What Types of Glass Are There?
Which is the Best Type of Glass for Railing
When it comes to determining the best type of glass for a railing, both tempered and laminated glass are excellent options. The choice between the two will depend on the specific requirements and regulations of the project, personal preference also plays an important role.
Tempered glass is often preferred for its strength and durability. It is ideal for use in railings that will be exposed to harsh weather conditions or frequent use. Because of its strength, tempered glass can be used in thinner sheets, making it a more affordable option for large-scale projects.

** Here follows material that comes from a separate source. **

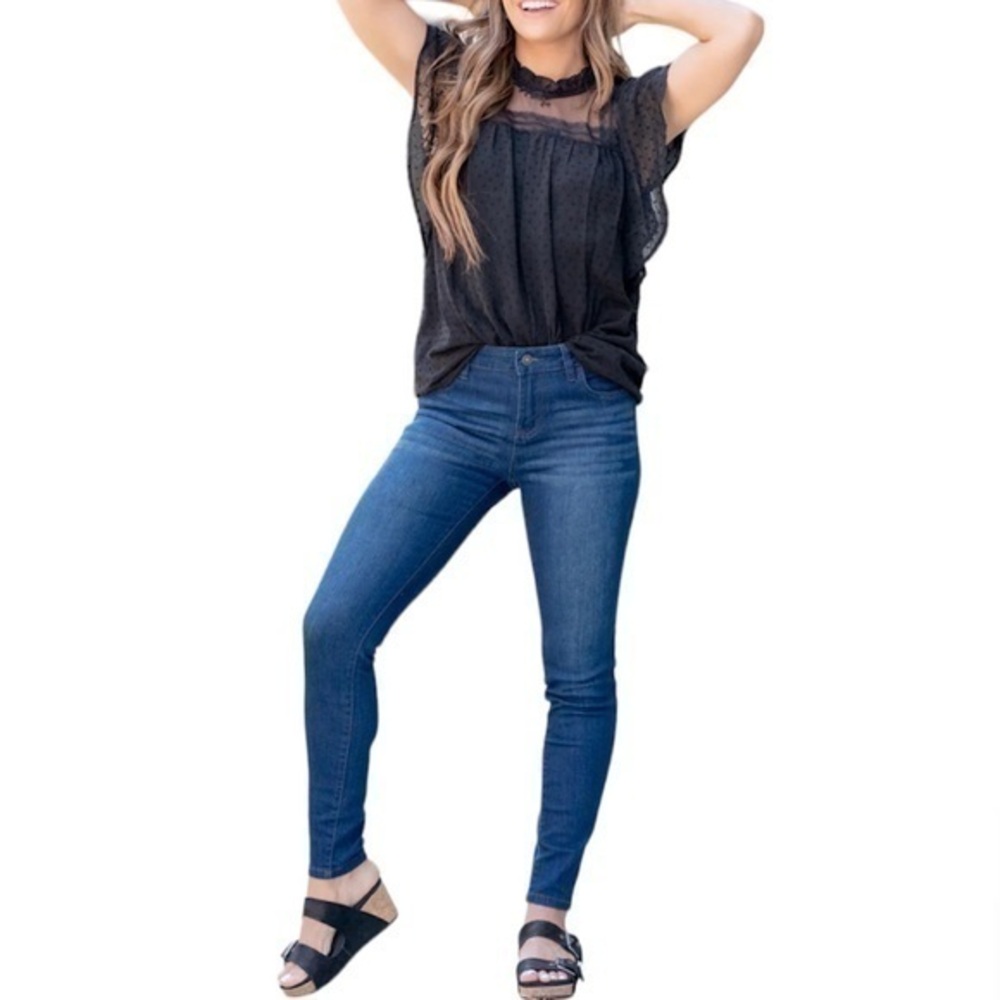 KANCAN Midrise Skinny Jeans women’s size 3/25 medium blue wash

Laminated glass, on the other hand, offers additional benefits such as sound insulation and UV protection. It is also more resistant to breakage than tempered glass, making it ideal for use in high-traffic areas or locations where there is a risk of impact. Additionally, the interlayer in laminated glass provides an extra layer of security, as it holds the glass together even if it is broken.
When deciding between tempered and laminated glass for a railing, it is important to consider the specific requirements and regulations of the project. A professional glass supplier or contractor can provide guidance on which type of glass is best for the project.
We recommend tempered or laminate glass, but highest quality glass for railing will always be the best prepared.
What is Acrylic & Plexiglass
The difference between acrylic glass railing and Plexiglass railing is the same as the difference between facial tissues and Kleenex(es). They are describing the same product, just using different names. Plexiglass is a brand of acrylic that eventually became the associated name for any clear acrylic panel.
Acrylic is a name derived from its more technical name polymethyl methacrylate. It is a clear, plastic based product that can be found almost anywhere.
Plexiglass is typically not the “go to” infill option for a project, but it usually ends up as a cost efficient substitute for a tempered glass railing. These two railings make up nearly every glass railing project installed. Plexiglass yields the same “see through” effect with a solid barrier at a cheaper cost. Depending on the quality and thickness, it can also provide incredible strength due to the amount of flex it can achieve. So, why doesn’t everyone use Plexiglass? While Plexiglass does offer a more cost effective solution, it has several disadvantages to a tempered glass panel.
Monolithic glass is an overarching term used to describe a single, solid piece of glass. The three most common types of monolithic glass are: acrylic glass, annealed glass, or tempered glass.
A laminated panel would not fall under the monolithic label as it is constructed from two tempered panels with a vinyl layer in between.
The process of tempering is often used to help give metal alloys, such as steel, additional strength. Once the panel is quenched, it is considered tempered. Tempered panels are extremely strong and excel in a glass railing system.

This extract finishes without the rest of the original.